I’m subscribed to both The New York Times and The Washington Post. I have the apps downloaded on my phone and every morning I dutifully scroll through my daily briefing, but most days, that’s about as far as I read. As I continue with my day, I am guilty of both not giving a second thought to the morning’s atrocities and readily discarding periodic push notifications from the news apps. Unfortunately, this superficial dedication to the world is one shared by many like me, who are privileged enough to not be at the center of a daily headline; to not be in the middle of the world’s latest failure.

I wish I didn’t have to constantly be horrified at my own apathy. I wish I didn’t live in a world so fundamentally screwed up that human suffering isn’t enough to incite a visceral reaction. But I do live in this world, and everyday I see nightmarish events play out one after the other on the innumerable screens making up my life.

The latest horror I am guilty of overlooking is that of Sudan. The crisis was first brought to my attention through an Instagram story. I barely looked at the post for two seconds before tapping at my screen to move on to the next thing someone deemed important enough to share. I wish I could say I cared about it off the bat, but truth be told, I barely flinched.

Sudan seemed like an ambiguous idea. I had no imagery to assign to it, and certainly no emotional connection to tag it with. I remember thinking something like, “Geez, that sucks,” and moving on. But the next day, and the day after, I saw it again. People I knew with family and friends caught in the middle of a horribly depraved situation were trying desperately to show me, and those like me, that people were hurting.

Something finally clicked in my mind, and I hate that it took so much for me to see what was happening as deserving of my attention, but I finally did. The startling lack of humanity in my own actions is embarrassing, but not unique. The over-saturation of grief and civil degradation has forced many into selectively caring about fellow humans and their plights; the mind can only take so much pain, so we callously choose who most deserves our hearts. But at the same time, we sacrifice a little bit of our humanity. I didn’t care about Sudan until people close to me cared, until I could identify a personal connection. It shouldn’t be like that; the mass infliction of pain should incite a deep-seated rage in each one of us, as it should have in me.

As the presence of the crisis grew and the so-called “blue storm” swept social media, people slowly grew into their own rage at the mistreatment of a nation. As they saw friends and beloved celebrities change their avatars, they quickly followed suit, engaging in a communal sympathy. Seeing this happen has been relieving in a sense, because finally people are seeing what needs to be seen for the sake of saving a people. But on the other hand, it instills in me a fear that this is just another bandwagon craze, that as soon as the next major thing happens, people will move on; tapping away at the screen of life, briefly experiencing the next story — leaving behind Sudan and an unsolved problem.

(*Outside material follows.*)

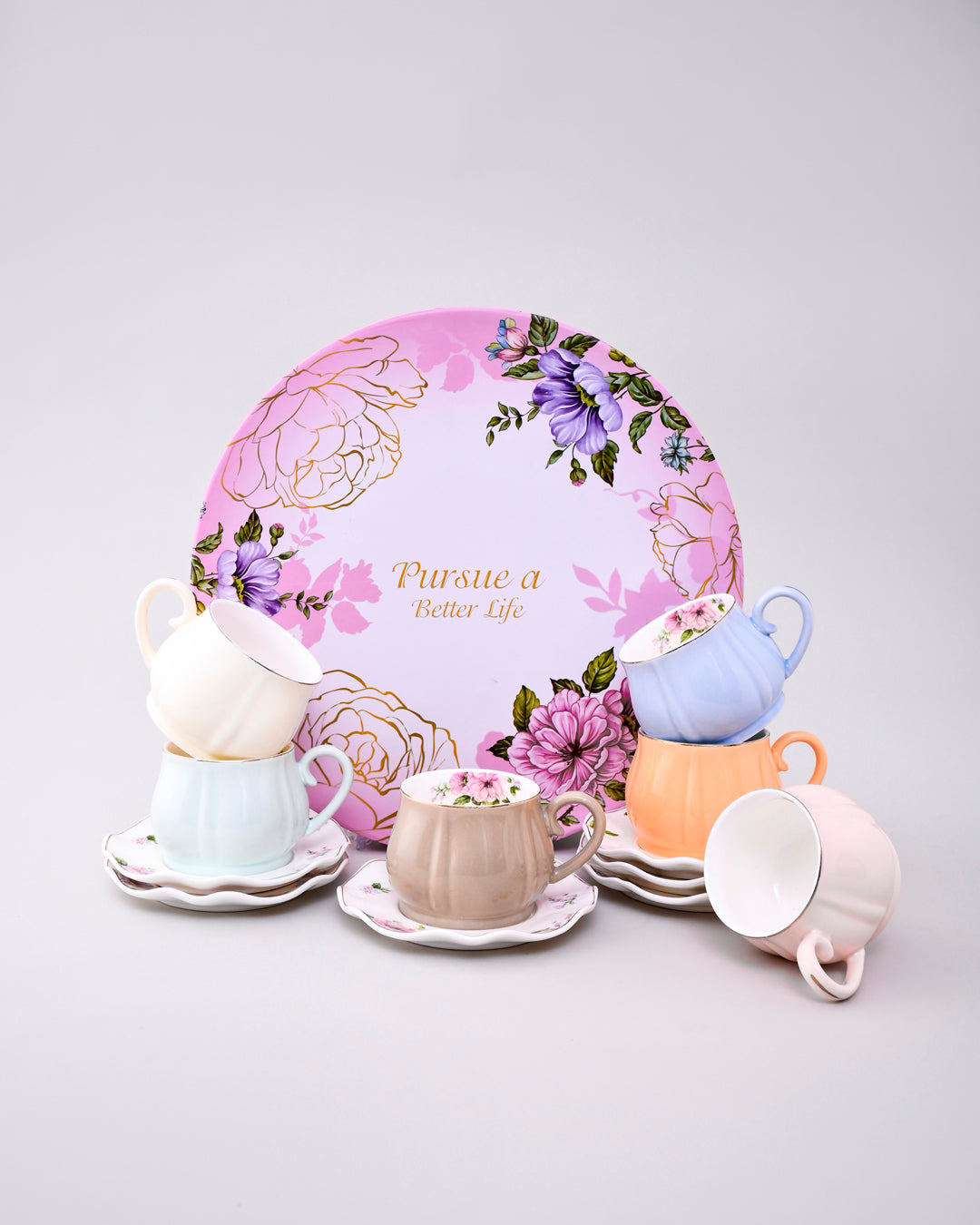 Cupful of Colors Tea Cup With Saucer - Set Of 6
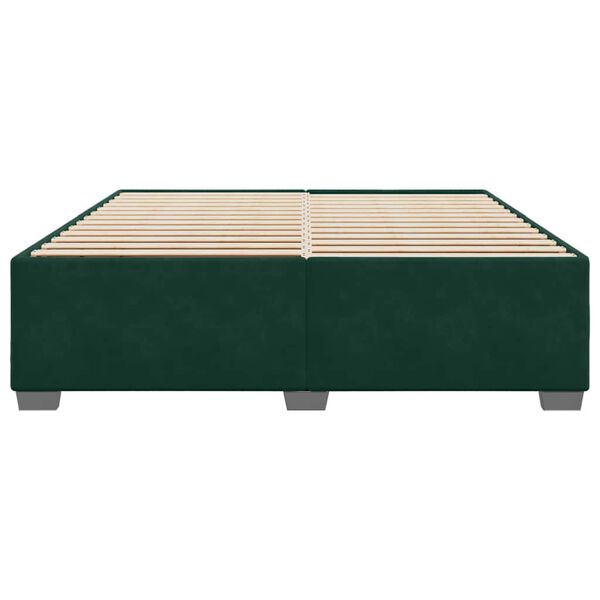 vidaXL Bedframe zonder matras 200x200 cm fluweel donkergroen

“As a Muslim woman, it’s not only my responsibility to care, but to be vocal in my awareness. While the Sudanese are my brothers and sisters in Islam, they are my brothers and sisters outside of religion as well. While it is our duty as Muslims to come together in solidarity against cultivated injustices, we should NOT fight alone. Anyone is eligible to spread awareness, donate, pray, and overall be [of] greater benefit [to] the Sudanese people.” tweet

In an attempt to thoroughly cure my own apathy, I made an effort to understand why those close to issue (and even those not so close) saw the importance in fostering a more caring public.

A particular friend of mine, Mesoun Hassan, a Sudanese refugee, left me with an especially profound piece of wisdom: “The conflict in Sudan is much more than a political issue and has deep historical roots in global affairs and Western perception of African disparities. When we choose to advocate for Sudan, we are openly signing the pledge to say that we care about humanitarian issues that are similar, or have similar beginnings, as well.” Making an active decision to care about people, about a country halfway around the world is choosing to access the very roots of our own humanity.

Another friend of mine, who wishes to remain nameless, shared a similar sentiment: “As a Muslim woman, it’s not only my responsibility to care, but to be vocal in my awareness. While the Sudanese are my brothers and sisters in Islam, they are my brothers and sisters outside of religion as well. While it is our duty as Muslims to come together in solidarity against cultivated injustices, we should NOT fight alone. Anyone is eligible to spread awareness, donate, pray, and overall be [of] greater benefit [to] the Sudanese people.”

I implore of you to look past the two-dimensional nature of your screen and face the reality of the pain currently being felt by the innocents of a nation. Men, women, and children are experiencing traumas they are unlikely to forget in their lifetimes. An awareness of the ongoing problem, and a willingness to hold on to every shred of empathy we can muster for as long as the people of Sudan need us, will let the transgressors know that the people of Sudan are not alone.

The United Nations was able to pull out of Sudan because they were under the impression it could be done quietly, that no one would care if they focused their energy elsewhere. We must show them how devastatingly wrong they were. In maintaining a universal passion for supporting Sudan, we become an unavoidable force, and world powers will have no choice but to concede.

No matter what we do, we cannot forget.